Tanvi Misra is a staff writer for CityLab covering immigrant communities, housing, economic inequality, and culture. She also authors Navigator, a weekly newsletter for urban explorers (subscribe here). Her work also appears in The Atlantic, NPR, and BBC.
A new report details the harrowing consequences of sea level rise.
For the largest city in the U.S., the very real consequences of global climate change are becoming harder to ignore. Since 1900, sea level in the New York City metro area has risen by a foot. That pace, which is already well above the global average, is quickening. A new report by the Regional Plan Association, an organization that examines economic health, infrastructure, and sustainability, details exactly what parts of New York, New Jersey, and Connecticut are most at risk if the current rate of sea level rise continues. Via the study:
The New York metropolitan area, with 23 million residents and some 3,700 miles of tidal coastline, faces a severe threat from sea level rise, yet relatively little has been done to address the inevitable permanent inundation of buildings, infrastructure and communities.

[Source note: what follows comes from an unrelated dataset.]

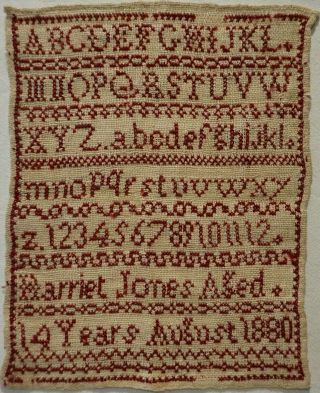 Small Late 19th Century Red Stitch Work Alphabet Sampler By Harriet Jones - 1880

In just 15 years, sea levels in the Tri-State area could increase by one foot. By 2080, it could go up to three. And by the beginning of the next century, six. The study breaks down the perils of each increment for different parts of the region:
At one foot
Overall, around 60 square miles, where 19,000 people live and 10,000 work, will be under water. But the impacts will initially be neither “immediate nor dramatic”—it will creep up on the residents in New York and surrounding areas. Areas around Jamaica Bay, Flushing Bay, and the eastern shore of Staten Island will start seeing adverse effects first. Broad Channel in Queens will be at risk of inundation. And parts of LaGuardia Airport will see temporary floods.
Over in Long Island, those who live near the bay will face permanent flooding. So will Yonkers, Piermont, and Stony Point in the Hudson Valley. In New Jersey, most of Teterboro Airport could become permanently flooded.
And that’s only the beginning.
At three feet
By the time the water level rises to this level, the consequences will be plainly visible. Periodic flooding will worsen, and the water will start spreading out, where it will affect subway service, railways, and industrial infrastructure. Water will seep into large swaths of the New Jersey Meadowlands, threatening the Secaucus rail station and Giants Stadium.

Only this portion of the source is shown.